● **Brief**
Return, exactly and in full, the lines of the records below starting at the one with "平静的河流和女人放松一个皮艇图片" and ending at the one with "Spaghetti conditi con", and no other lines.

═════ Provided information

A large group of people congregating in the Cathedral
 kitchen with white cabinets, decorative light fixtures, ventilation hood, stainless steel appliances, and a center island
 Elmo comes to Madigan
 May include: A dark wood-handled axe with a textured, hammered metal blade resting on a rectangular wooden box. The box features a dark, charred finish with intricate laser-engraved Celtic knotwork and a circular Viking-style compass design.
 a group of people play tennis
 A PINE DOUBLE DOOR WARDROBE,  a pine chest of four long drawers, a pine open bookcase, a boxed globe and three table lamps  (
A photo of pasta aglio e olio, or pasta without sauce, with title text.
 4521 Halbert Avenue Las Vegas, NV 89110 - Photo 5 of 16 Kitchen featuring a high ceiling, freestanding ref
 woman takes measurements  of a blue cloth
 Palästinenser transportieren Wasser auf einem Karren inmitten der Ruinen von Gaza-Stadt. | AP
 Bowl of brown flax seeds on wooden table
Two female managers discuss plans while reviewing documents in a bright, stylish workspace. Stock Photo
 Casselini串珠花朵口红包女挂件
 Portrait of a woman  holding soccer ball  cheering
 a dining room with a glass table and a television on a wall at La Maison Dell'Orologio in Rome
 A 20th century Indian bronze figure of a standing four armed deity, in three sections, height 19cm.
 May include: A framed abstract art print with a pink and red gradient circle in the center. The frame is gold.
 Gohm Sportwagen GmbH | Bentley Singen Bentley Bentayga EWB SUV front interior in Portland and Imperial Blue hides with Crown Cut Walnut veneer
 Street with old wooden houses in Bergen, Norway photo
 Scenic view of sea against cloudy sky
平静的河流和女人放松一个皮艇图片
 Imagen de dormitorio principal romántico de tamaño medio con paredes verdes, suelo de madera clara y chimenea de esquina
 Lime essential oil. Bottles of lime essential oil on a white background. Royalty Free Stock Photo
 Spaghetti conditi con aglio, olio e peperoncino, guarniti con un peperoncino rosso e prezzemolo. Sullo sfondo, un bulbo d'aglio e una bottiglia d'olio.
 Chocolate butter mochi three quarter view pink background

══════════

● **Written solution**
平静的河流和女人放松一个皮艇图片
 Imagen de dormitorio principal romántico de tamaño medio con paredes verdes, suelo de madera clara y chimenea de esquina
 Lime essential oil. Bottles of lime essential oil on a white background. Royalty Free Stock Photo
 Spaghetti conditi con aglio, olio e peperoncino, guarniti con un peperoncino rosso e prezzemolo. Sullo sfondo, un bulbo d'aglio e una bottiglia d'olio.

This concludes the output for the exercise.